Where a judge, who, without a jury, heard an action of tort for personal injuries, found, upon conflicting evidence, that the defendant was negligent but that the plaintiff received no substantial injury, and found for the defendant, this court, upon an exception by the plaintiff “upon the ground that as a matter of law the evidence” was “not sufficient to support” the findings, has no jurisdiction to review the findings, but only to say as a matter of law whether there was evidence which authorized the finding for the defendant.

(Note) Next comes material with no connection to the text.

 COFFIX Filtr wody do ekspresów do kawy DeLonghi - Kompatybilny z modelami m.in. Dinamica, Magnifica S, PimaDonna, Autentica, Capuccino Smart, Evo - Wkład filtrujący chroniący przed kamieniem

An action by a woman against a railroad company for personal injuries, alleged to have been caused by the starting of a train of the defendant as the plaintiff was in the act of alighting, was heard by a judge without a jury. The plaintiff testified that she was thrown against the car and against the railing and down to the edge of the car platform, and that she suffered injuries to her abdomen and spine. The testimony was controverted. The judge filed a memorandum stating that the defendant was negligent, that there was no unusual violence in the starting of the train, that he was-satisfied that the plaintiff “did not fall at all,” that it was “ possible that, by taking some of her testimony, some of the defendant’s testimony, and by finding against some of her contentions and in favor of others, a case might be made for her,” but that “neither from her account of what occurred at the train nor from her subsequent experience” was he “able to say” that she had satisfied him that she received any substantial injury; and he found for the defendant. Held, that it did not appear from the memorandum that the judge had believed the plaintiff’s testimony, and therefore that, on an exception by the plaintiff to the finding as not justified by the evidence, it was not necessary to consider an argument of the plaintiff based on the assumption that the judge had believed her testimony.

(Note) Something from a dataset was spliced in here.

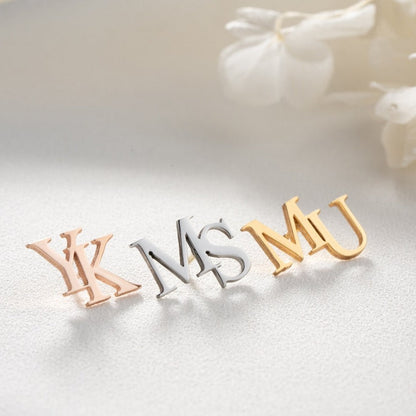 Personalized Initial Letters Brooch, Bride - Groomsmen - Tanishaq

Tort for personal injuries alleged to have been caused by the plaintiff, a woman eighty years of age, being thrown from a train of the defendant as she was in the act of alighting. 'Writ dated May 15, 1911.
In the Superior Court the case was heard by Lawton, J., without a jury. The memorandum filed by the judge and referred to in the opinion was as follows:
“I find that the defendant was negligent. I am satisfied that there was no unusual violence in the starting of the train. I have *324considered that the result of throwing a person backwards against anything is sometimes a blow, sometimes a wrench and sometimes both, and that it is seldom easy to tell the exact cause of the injury. But the violence of the blow and wrench must depend on the distance and the way the body moved. In this case the distance was substantially certain. . . .

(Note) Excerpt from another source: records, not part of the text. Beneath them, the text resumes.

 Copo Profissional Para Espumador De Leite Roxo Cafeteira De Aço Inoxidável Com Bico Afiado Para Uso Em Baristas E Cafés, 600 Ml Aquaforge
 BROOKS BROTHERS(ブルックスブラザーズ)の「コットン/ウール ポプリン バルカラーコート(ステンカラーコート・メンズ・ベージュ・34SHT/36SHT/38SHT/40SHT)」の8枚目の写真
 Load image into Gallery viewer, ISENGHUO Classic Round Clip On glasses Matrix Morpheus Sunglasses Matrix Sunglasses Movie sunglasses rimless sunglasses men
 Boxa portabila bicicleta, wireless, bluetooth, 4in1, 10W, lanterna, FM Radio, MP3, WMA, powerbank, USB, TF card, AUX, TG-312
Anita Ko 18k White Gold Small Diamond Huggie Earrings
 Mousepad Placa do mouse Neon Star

“Mrs. Connery’s testimony places Mrs. Baxter at the instant the train started at the edge of the platform, one foot on it and the other lifted ready to descend backwards. The train, so far as appears, was on a straight track, slightly down grade. When it started its force would tend to throw her to one side. That it would cause her to fall forward on her stomach and face is, to say the least, highly improbable. If she had been in the place and position described and had fallen at all, it seems certain that she would have fallen backwards down the steps. I am satisfied that she did not fall at all. I am satisfied that her original story was that she was thrown against the ironwork or some other part of the car. The plaintiff’s counsel has suggested in his argument that inasmuch as the platform is a part of the car, the statement fairly means: ‘I was thrown to one side and then thrown down.’ The suggestion is sufficiently cynical to make other comment unnecessary.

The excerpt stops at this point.